GSE Systems (GVP) is the leader, with a market share of about 60%, in training simulators for nuclear power-plant personnel,. That can be hard for many to swallow in light of widespread general aversion to nuclear power, which intensified after Japan's Fukushima Daiichi nuclear facility was beset by crisis earlier this year.
As a result of the latter, nuclear projects worldwide have been delayed pending further regulatory review, and Germany is now phasing its way out of nuclear power. On the other hand, in One Up on Wall Street, Peter Lynch offers a “disagreeable” business as one of the elements of a perfect stock.
So let’s look at GSE, especially given that this debt-free company has 93 cents per share in cash (a lot considering the shares trade just above $2) and a stock that sells for just 0.78 times sales that have been pounded based on the Japan nuclear disaster. Not surprisingly, the company is repurchasing its shares.
For better or worse, nuclear power isn't going away (even in Japan, where two projects in which GSE is involved are moving forward). Too many decision makers recognize that we cannot afford to simply turn away from this economical, renewable source of power.
In the US, 16 companies and consortia are considering 30 new facilities, and domestic regulators currently have 13 pending applications. Meanwhile, 60 plants are under construction worldwide in 15 countries, with China figuring to be especially aggressive here well into the future. Also, 65 presently non-nuclear countries are considering entering the nuclear arena.
Regulatory review is typically focuses on safe operation rather than plant shutdown, and much of what comes out of the agencies in terms of safety works in GSE's favor. Escalating safety concerns translate to more intensive training and re-training, meaning higher degrees of simulation precision (fidelity), and in the US, training in connection with a new plant must now begin about two years before it goes operational.

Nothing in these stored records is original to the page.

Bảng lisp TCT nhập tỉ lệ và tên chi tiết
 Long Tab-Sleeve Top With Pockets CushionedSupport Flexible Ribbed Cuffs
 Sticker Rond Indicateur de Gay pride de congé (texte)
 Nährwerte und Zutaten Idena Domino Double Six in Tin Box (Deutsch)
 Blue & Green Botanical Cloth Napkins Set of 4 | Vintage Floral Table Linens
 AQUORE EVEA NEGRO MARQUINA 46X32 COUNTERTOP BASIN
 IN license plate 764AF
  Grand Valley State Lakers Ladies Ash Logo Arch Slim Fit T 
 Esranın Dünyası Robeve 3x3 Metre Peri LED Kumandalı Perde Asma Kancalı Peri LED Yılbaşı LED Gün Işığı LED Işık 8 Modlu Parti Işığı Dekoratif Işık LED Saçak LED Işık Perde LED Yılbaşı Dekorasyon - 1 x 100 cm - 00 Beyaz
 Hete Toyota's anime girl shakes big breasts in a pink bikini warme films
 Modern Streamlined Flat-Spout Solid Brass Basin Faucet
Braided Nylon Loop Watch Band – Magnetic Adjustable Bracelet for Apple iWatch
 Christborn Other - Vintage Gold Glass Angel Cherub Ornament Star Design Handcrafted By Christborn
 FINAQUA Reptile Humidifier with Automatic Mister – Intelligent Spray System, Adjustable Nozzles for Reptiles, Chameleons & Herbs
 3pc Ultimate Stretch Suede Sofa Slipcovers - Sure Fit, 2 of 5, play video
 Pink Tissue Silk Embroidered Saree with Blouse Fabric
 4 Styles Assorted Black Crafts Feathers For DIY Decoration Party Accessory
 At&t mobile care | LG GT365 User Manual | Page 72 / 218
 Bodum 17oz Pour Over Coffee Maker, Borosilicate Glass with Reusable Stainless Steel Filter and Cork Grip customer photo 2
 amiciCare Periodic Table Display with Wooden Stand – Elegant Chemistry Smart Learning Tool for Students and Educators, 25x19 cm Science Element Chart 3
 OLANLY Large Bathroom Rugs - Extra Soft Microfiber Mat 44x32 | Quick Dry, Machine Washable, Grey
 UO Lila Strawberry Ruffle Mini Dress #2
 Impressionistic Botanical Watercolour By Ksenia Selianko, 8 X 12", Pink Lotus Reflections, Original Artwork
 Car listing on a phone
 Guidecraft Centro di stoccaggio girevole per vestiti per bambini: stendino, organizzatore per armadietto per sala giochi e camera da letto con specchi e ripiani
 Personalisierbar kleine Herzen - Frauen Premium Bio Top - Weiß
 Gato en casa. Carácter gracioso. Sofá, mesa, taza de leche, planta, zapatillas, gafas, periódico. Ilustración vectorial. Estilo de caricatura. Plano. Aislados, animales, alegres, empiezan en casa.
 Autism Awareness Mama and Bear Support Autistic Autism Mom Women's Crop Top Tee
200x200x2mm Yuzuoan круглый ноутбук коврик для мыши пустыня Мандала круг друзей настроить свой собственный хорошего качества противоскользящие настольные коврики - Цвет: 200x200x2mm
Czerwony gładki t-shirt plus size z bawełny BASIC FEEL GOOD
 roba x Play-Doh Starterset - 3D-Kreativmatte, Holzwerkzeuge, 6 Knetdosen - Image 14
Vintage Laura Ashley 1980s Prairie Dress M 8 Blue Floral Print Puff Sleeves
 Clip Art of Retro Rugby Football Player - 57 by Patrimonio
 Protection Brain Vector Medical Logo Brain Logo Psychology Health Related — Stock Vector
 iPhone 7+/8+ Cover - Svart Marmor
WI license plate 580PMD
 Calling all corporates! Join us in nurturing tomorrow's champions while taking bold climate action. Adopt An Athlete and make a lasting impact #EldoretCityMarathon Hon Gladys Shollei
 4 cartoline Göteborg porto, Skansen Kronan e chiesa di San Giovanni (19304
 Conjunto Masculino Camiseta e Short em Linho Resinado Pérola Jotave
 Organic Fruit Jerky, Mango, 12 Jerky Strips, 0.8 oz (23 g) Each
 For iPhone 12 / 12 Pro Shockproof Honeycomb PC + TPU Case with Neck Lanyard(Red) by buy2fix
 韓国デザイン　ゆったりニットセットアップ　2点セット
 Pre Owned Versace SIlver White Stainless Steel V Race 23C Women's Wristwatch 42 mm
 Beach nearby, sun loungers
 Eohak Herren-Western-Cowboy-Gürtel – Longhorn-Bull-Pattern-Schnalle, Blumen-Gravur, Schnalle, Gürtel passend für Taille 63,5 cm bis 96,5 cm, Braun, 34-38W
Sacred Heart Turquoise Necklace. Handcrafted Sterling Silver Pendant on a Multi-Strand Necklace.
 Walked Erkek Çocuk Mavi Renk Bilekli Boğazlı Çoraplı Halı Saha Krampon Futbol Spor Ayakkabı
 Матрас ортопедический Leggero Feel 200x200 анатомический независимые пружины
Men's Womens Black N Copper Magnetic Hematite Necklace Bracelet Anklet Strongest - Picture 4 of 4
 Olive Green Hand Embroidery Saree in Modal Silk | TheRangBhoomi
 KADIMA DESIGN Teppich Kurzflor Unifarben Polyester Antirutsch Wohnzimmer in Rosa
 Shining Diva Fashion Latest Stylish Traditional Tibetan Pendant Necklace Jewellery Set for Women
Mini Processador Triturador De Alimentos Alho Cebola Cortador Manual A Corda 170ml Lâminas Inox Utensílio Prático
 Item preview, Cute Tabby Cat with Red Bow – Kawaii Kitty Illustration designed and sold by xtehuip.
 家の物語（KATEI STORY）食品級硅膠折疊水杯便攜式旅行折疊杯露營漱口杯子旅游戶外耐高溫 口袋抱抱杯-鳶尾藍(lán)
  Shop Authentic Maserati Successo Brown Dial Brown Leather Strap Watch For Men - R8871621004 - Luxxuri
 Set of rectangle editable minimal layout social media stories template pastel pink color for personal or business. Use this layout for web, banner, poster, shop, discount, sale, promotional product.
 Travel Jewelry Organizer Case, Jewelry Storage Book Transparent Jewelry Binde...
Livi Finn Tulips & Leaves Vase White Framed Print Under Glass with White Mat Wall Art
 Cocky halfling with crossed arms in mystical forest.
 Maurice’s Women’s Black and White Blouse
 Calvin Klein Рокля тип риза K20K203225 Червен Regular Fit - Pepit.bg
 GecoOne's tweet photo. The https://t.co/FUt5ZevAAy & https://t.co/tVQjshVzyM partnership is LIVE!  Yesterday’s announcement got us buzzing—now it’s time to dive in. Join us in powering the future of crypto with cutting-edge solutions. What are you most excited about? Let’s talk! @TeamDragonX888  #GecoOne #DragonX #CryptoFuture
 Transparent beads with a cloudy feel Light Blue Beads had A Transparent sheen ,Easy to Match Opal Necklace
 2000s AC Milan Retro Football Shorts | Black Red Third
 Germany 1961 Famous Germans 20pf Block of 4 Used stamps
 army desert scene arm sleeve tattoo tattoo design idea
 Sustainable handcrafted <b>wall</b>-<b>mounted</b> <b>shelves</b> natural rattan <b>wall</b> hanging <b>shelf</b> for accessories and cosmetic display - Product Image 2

Also, because the US nuclear industry has been on the back burner for so long, the workforce skews older (median age: 50). GSE estimates that 42% of the active employees will leave within the next five years and be replaced by newcomers who must be trained from scratch. (There is an element of pent-up need here...but for the bear markets that dented retirement savings, many workers would likely have already departed.)
Despite the potential of GSE’s traditional business, the company isn't standing pat. It's been extending its simulation capabilities to fossil-fuel plants, and the early 2010 purchase of TAS Holdings builds on that by bringing GSE into consulting and modeling for electrical distribution and grid systems.
The January 2011 acquisition of EnVision systems brings GSE into another related area: interactive multimedia tutorials and simulation models for the petrochemical and energy refining areas. In September 2011, GSE was selected in connection with the B&W mPower Small Modular Reactor to apply its simulation expertise to a new area, validation of plant system design.
And even within its bailiwick, GSE is engaging in quality expansion: Its Chinese joint-venture partner, Beijing UNIS Investment Co., is majority owned by China’s prestigious Tsinghua University, which created the simulation platform that serves as the basis for 50% of the simulators used in China’s fossil-fuel power industry. Not only will the customer base and relationships help generate nuclear business in China, but it will also likely boost GSE’s fossil-fuel capabilities.
Given the project-oriented nature of the business, I can’t rule out occasional disappointing quarters as jobs come and go. But on the whole, I really think the Street is missing a lot here. GSE Systems is a buy.